*PROBLEM:*
Exercise in exact copying. Transcribe every entry that follows, word for word.
─── DATA PROVIDED
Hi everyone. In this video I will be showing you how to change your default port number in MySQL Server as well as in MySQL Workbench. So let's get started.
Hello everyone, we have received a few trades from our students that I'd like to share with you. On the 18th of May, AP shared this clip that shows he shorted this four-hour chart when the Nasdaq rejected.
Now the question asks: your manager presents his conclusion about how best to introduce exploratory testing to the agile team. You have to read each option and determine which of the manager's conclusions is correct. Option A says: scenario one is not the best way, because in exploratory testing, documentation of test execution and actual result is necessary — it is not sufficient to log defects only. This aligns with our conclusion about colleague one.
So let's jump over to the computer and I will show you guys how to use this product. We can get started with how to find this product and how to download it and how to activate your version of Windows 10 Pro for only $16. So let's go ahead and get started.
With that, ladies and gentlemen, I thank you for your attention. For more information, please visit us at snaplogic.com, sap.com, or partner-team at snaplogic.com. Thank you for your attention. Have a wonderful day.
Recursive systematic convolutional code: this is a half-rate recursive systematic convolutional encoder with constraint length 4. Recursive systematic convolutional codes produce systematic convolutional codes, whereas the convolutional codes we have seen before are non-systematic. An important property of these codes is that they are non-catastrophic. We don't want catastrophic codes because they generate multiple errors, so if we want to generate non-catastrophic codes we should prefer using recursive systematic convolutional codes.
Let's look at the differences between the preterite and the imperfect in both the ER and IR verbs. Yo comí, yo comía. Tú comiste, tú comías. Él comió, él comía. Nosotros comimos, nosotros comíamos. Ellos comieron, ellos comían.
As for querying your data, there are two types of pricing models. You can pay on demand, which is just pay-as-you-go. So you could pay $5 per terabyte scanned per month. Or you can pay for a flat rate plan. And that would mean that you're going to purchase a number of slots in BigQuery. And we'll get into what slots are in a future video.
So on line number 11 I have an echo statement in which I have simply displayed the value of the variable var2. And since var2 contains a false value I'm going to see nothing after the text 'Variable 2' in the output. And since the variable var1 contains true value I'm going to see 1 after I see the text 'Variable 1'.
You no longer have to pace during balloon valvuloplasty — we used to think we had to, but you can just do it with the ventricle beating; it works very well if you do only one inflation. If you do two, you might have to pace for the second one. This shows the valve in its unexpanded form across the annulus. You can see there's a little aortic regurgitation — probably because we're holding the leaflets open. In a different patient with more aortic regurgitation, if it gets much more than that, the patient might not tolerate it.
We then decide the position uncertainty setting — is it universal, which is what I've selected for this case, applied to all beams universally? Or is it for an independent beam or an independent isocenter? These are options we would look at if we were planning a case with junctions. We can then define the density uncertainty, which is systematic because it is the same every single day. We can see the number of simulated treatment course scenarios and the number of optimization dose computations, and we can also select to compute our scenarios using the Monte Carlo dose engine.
──────
*SOLUTION TO THIS EXERCISE:*
Hi everyone. In this video I will be showing you how to change your default port number in MySQL Server as well as in MySQL Workbench. So let's get started.
Hello everyone, we have received a few trades from our students that I'd like to share with you. On the 18th of May, AP shared this clip that shows he shorted this four-hour chart when the Nasdaq rejected.
Now the question asks: your manager presents his conclusion about how best to introduce exploratory testing to the agile team. You have to read each option and determine which of the manager's conclusions is correct. Option A says: scenario one is not the best way, because in exploratory testing, documentation of test execution and actual result is necessary — it is not sufficient to log defects only. This aligns with our conclusion about colleague one.
So let's jump over to the computer and I will show you guys how to use this product. We can get started with how to find this product and how to download it and how to activate your version of Windows 10 Pro for only $16. So let's go ahead and get started.
With that, ladies and gentlemen, I thank you for your attention. For more information, please visit us at snaplogic.com, sap.com, or partner-team at snaplogic.com. Thank you for your attention. Have a wonderful day.
Recursive systematic convolutional code: this is a half-rate recursive systematic convolutional encoder with constraint length 4. Recursive systematic convolutional codes produce systematic convolutional codes, whereas the convolutional codes we have seen before are non-systematic. An important property of these codes is that they are non-catastrophic. We don't want catastrophic codes because they generate multiple errors, so if we want to generate non-catastrophic codes we should prefer using recursive systematic convolutional codes.
Let's look at the differences between the preterite and the imperfect in both the ER and IR verbs. Yo comí, yo comía. Tú comiste, tú comías. Él comió, él comía. Nosotros comimos, nosotros comíamos. Ellos comieron, ellos comían.
As for querying your data, there are two types of pricing models. You can pay on demand, which is just pay-as-you-go. So you could pay $5 per terabyte scanned per month. Or you can pay for a flat rate plan. And that would mean that you're going to purchase a number of slots in BigQuery. And we'll get into what slots are in a future video.
So on line number 11 I have an echo statement in which I have simply displayed the value of the variable var2. And since var2 contains a false value I'm going to see nothing after the text 'Variable 2' in the output. And since the variable var1 contains true value I'm going to see 1 after I see the text 'Variable 1'.
You no longer have to pace during balloon valvuloplasty — we used to think we had to, but you can just do it with the ventricle beating; it works very well if you do only one inflation. If you do two, you might have to pace for the second one. This shows the valve in its unexpanded form across the annulus. You can see there's a little aortic regurgitation — probably because we're holding the leaflets open. In a different patient with more aortic regurgitation, if it gets much more than that, the patient might not tolerate it.
We then decide the position uncertainty setting — is it universal, which is what I've selected for this case, applied to all beams universally? Or is it for an independent beam or an independent isocenter? These are options we would look at if we were planning a case with junctions. We can then define the density uncertainty, which is systematic because it is the same every single day. We can see the number of simulated treatment course scenarios and the number of optimization dose computations, and we can also select to compute our scenarios using the Monte Carlo dose engine.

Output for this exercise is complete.